When I leave Boston after 2 years, one of the few things I will miss about the place is the access to incredible coffee shops. I showed up at the Tufts camp only 2-3 days of the week and my office rarer still because it was incredibly inconvenient to get there. The rest I spent lounging in coffee shops. I have no friends at work and few friends outside of it. My work, or lack thereof, doesn’t require me to actually be at a desk. Somerville is extremely hipster; a by-product of the recent gentrification in this area. The cafes often have a rotating display of art by local artisans and craftsmen. I frequently see artists drawing or doing graphic design. Some of the criteria that I use to decide on a coffee place - ease of finding a seat, WiFi, access to charging points, quality of coffee/food, cleanliness of bathrooms. I don’t mind the background noise here and I enjoy watching people and it doesn’t distract me. I have spent many productive and unproductive hours here. None of these cafes actually have free WiFi but here’s a neat trick: If you have an xfinity connection, you can use it to login anywhere into the `xfinitywifi’ network and what's more, they seem to be all over Boston. For a purportedly evil conglomerate bent on destroying net neutrality and outrageous customer service, this is a pretty good feature. Because the people who work here are hipster, the music they play here feels like it has been taken from my Spotify playlists. So even the days I forget to bring a pair of earphones with me, it is not so bad. To get a sense of what I mean by a cool indie coffee place, here is an explanation from Louis C.K. Here are some of the places I really liked.

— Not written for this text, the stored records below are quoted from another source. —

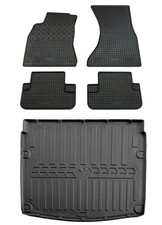 Gummi Fußmatten Kofferraumwanne für Audi A4 B8 2007-2015 Limousine Gummimatten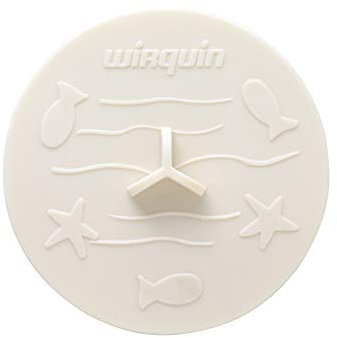 Wirquin 39222501 Bouchon universel Frisby ø 105 mm pour évier, lavabo et baignoire, blanc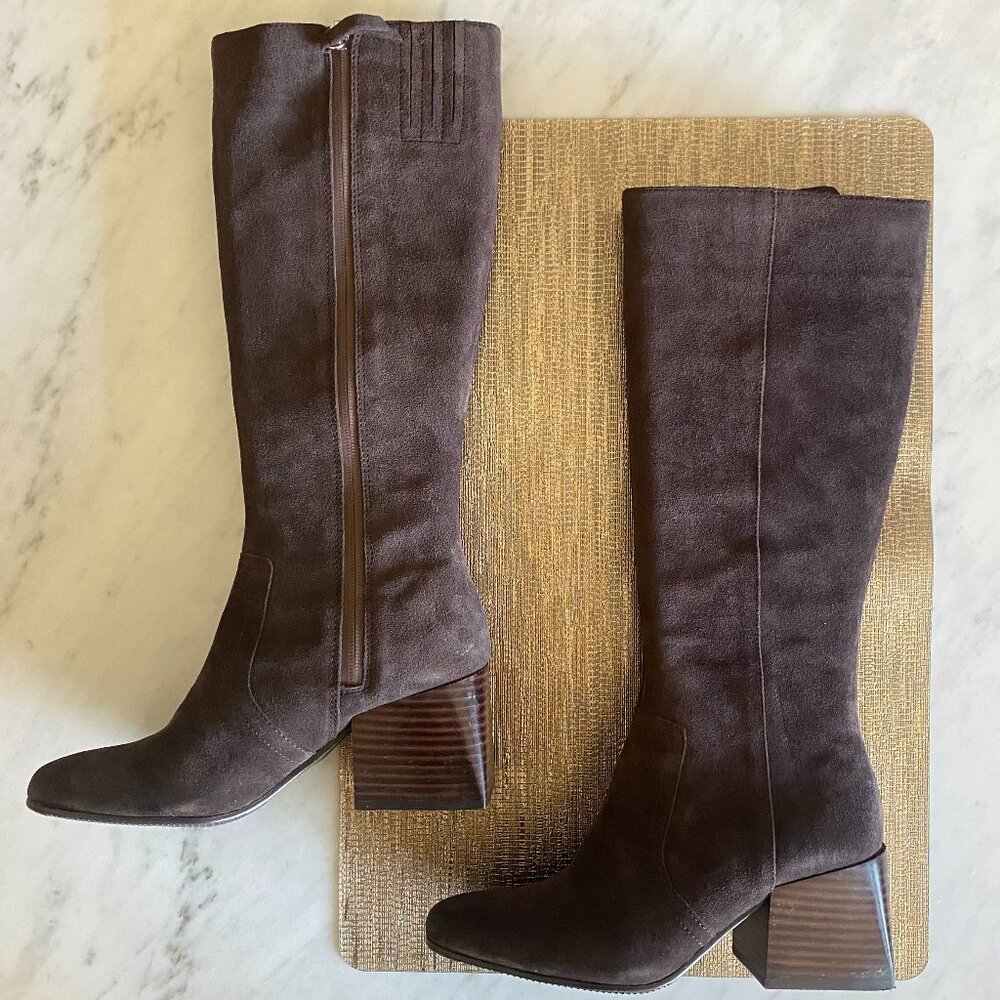 Blondo Tessa Waterproof Knee High Boots in Brown Suede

Davis Square: Conveniently accessible by the red line T, there are three coffee shops here in close proximity - Diesel, Iyo and Starbucks. There are also good options for food around: Amsterdam Falafel shop, Snappy Sushi, etc. This is one of the larger Starbucks and except for the quality of coffee and food is a good place to work from. The other two coffee shops are hipster and therefore, quite pricey. Iyo has good coffee and good FroYo. They have special deal for FroYo, on a day cooler than 32 F, they give (32-T) % discount; so if it is outside 0F you get 32% off. They also have a 2 hour free WiFi coupon which you can get upon purchase. Diesel is my favorite coffee shop here. They have good coffee, soups, and pastries and I always manage to find a seat here even when it is really busy. It is also open late and has pool tables. Diesel is the main theme of the cafe, they have a motorcycle hoisted at the entrance, an ancient petrol pump, and writings on the wall with the history of Rudolph Diesel and the Diesel Engine (talk about gentrification).

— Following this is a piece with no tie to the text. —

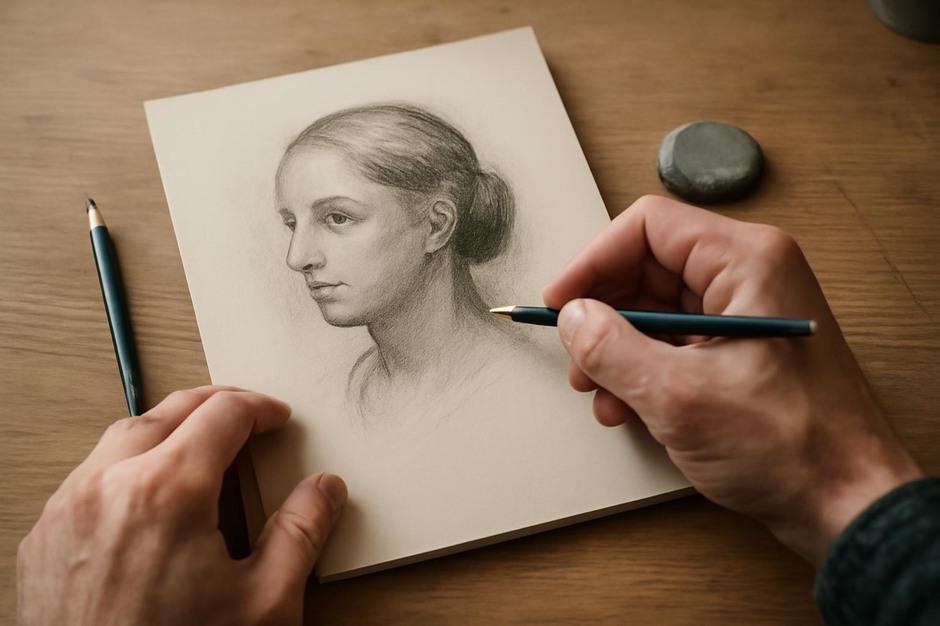 Quick portrait study in graphite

Union Square: This is my favorite weekend haunt. There are two coffee shops here: Bloc 11 and Fortissimo. I discovered Bloc 11 by accident. I actually came to this area to go to Cafe Tango, which turned out to be a salsa dancing studio. Bloc 11 was conveniently opposite it and has now become my favorite shop here. It also happens to be close to Market Basket, my favorite grocery store here, and an Indian store. The other reason I enjoy this place enormously is that it is close to a really good comic book store, where inevitably I end up buying a good book or two. Bloc 11 has the same owners as Diesel, which I discovered because they had the same food and rotating cast of hipster waiters. It also has really good outdoor seating which is inactive for a big part of the year because of the cold weather. But in the summer, it is easy to get a table. A lesser known place is Fortissimo, which was run by Brazillians. The coffee is good, food okay, but it is very convenient in the winter months when Bloc 11 is overflowing. Bloc 11 used to be an old bank, you can actually eat inside the vault (talk about gentrification). There are a few good places to eat around here: Buk Kyung (Korean), Machu Picchu (Peruvian), Neighborhood restaurant (Portuguese), Dosa and Curry (South Indian). In summers, they also have their farmer’s market here. I really wish I lived near Union square; but maybe if I did, then the attraction of this place might wane.

Ball Square: For a place that is inconvenient by public transit, it has four breakfast places in close proximity that are packed and overflowing on weekends. For me it is convenient because I live quite close by and it is also nearby Tufts and my meetings. I frequent True grounds, where I always find a good seat. It is also along my bus route, so whenever I miss the bus, I spend a couple of hours in the morning here. I became friends with Christoph Borgers, who tells amusing stories and also treats this cafe like his office. I frequently tell my friends that almost no two things in the store are identical - the mugs, tables and chairs are all different maybe through long term accumulation from goodwill. Somehow it makes this place extremely cosy and cool. Some tables have an inbuilt chess board and there are also board games and some books. I also found Raymond Carver’s short story collection. They also have the cleanest bathrooms. Lyndell’s bakery is also nice, as is Pescatore restaurant (Italian).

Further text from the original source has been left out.